START DATA SUPPLIED
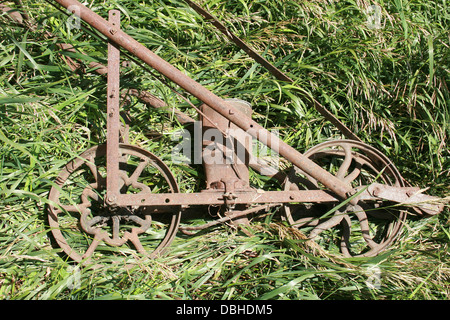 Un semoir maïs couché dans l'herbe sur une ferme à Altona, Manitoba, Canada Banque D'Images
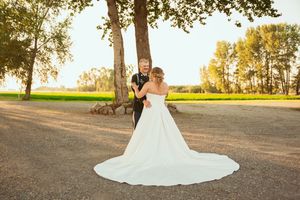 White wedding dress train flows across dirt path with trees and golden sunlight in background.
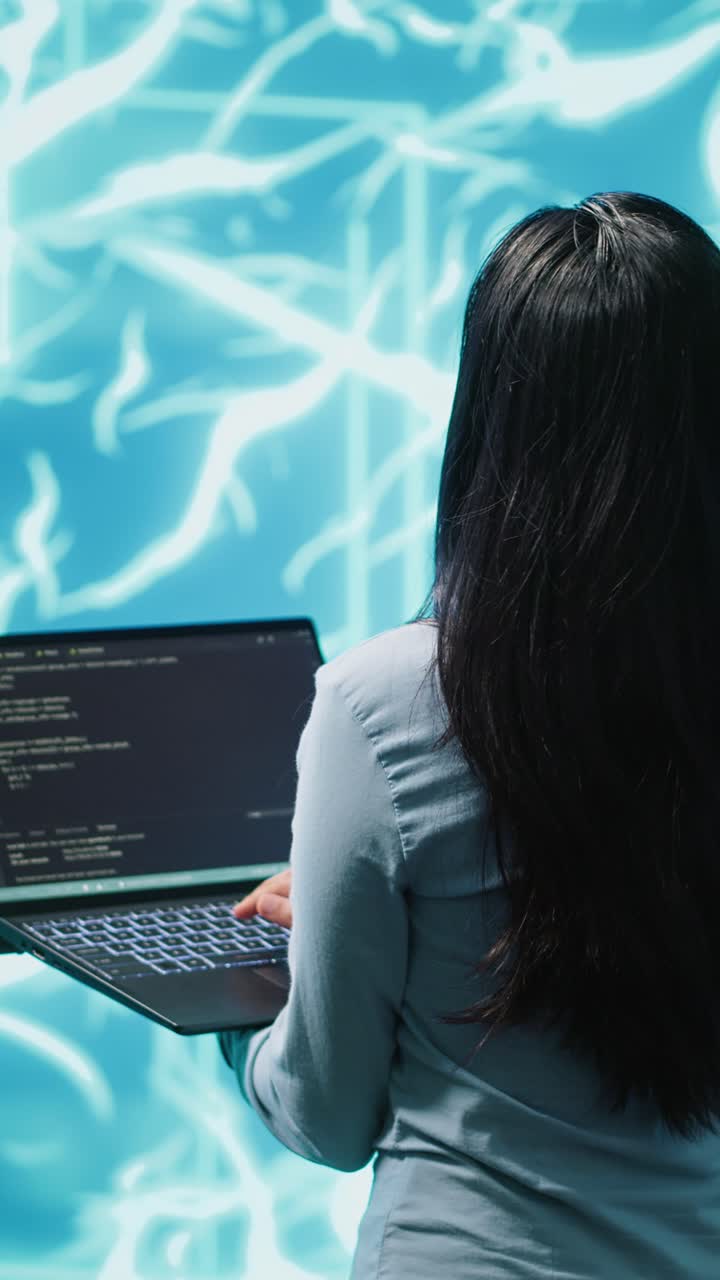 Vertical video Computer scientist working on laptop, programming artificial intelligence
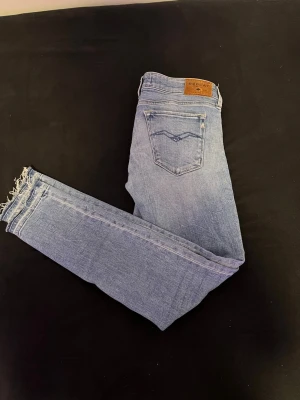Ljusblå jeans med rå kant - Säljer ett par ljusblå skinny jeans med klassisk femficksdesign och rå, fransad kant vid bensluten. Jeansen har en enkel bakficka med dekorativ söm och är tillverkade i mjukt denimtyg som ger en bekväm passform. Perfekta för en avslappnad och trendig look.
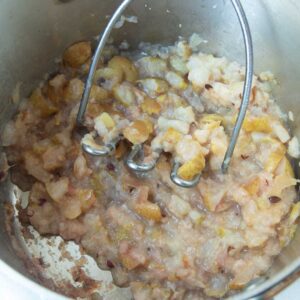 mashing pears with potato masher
END DATA SUPPLIED
START DATA SUPPLIED
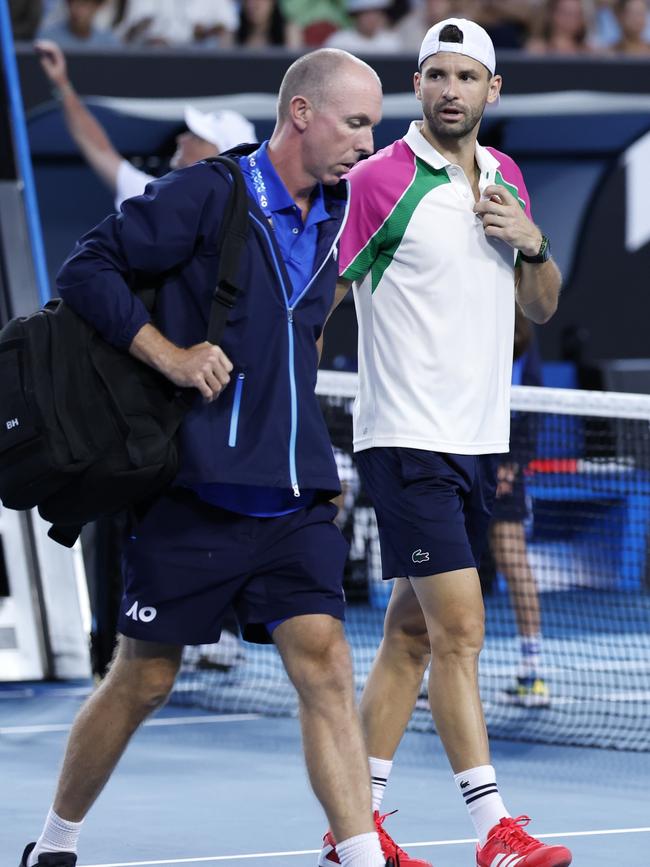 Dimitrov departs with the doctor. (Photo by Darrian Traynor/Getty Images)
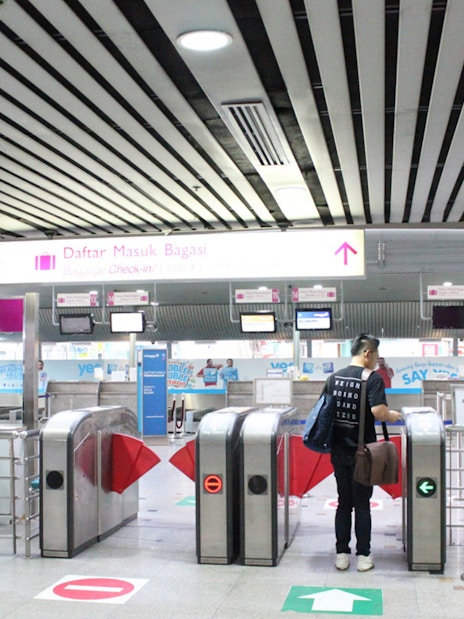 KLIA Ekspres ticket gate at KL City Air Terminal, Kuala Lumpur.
END DATA SUPPLIED
TASK GOAL:
Reproduce word for word, with pictures dropped, only the part of the material above that opens with the line containing "Un semoir maïs" and closes with the line containing "mashing pears with potato masher".

TASK SOLUTION:
 Un semoir maïs couché dans l'herbe sur une ferme à Altona, Manitoba, Canada Banque D'Images
 White wedding dress train flows across dirt path with trees and golden sunlight in background.
 Vertical video Computer scientist working on laptop, programming artificial intelligence
Ljusblå jeans med rå kant - Säljer ett par ljusblå skinny jeans med klassisk femficksdesign och rå, fransad kant vid bensluten. Jeansen har en enkel bakficka med dekorativ söm och är tillverkade i mjukt denimtyg som ger en bekväm passform. Perfekta för en avslappnad och trendig look.
 mashing pears with potato masher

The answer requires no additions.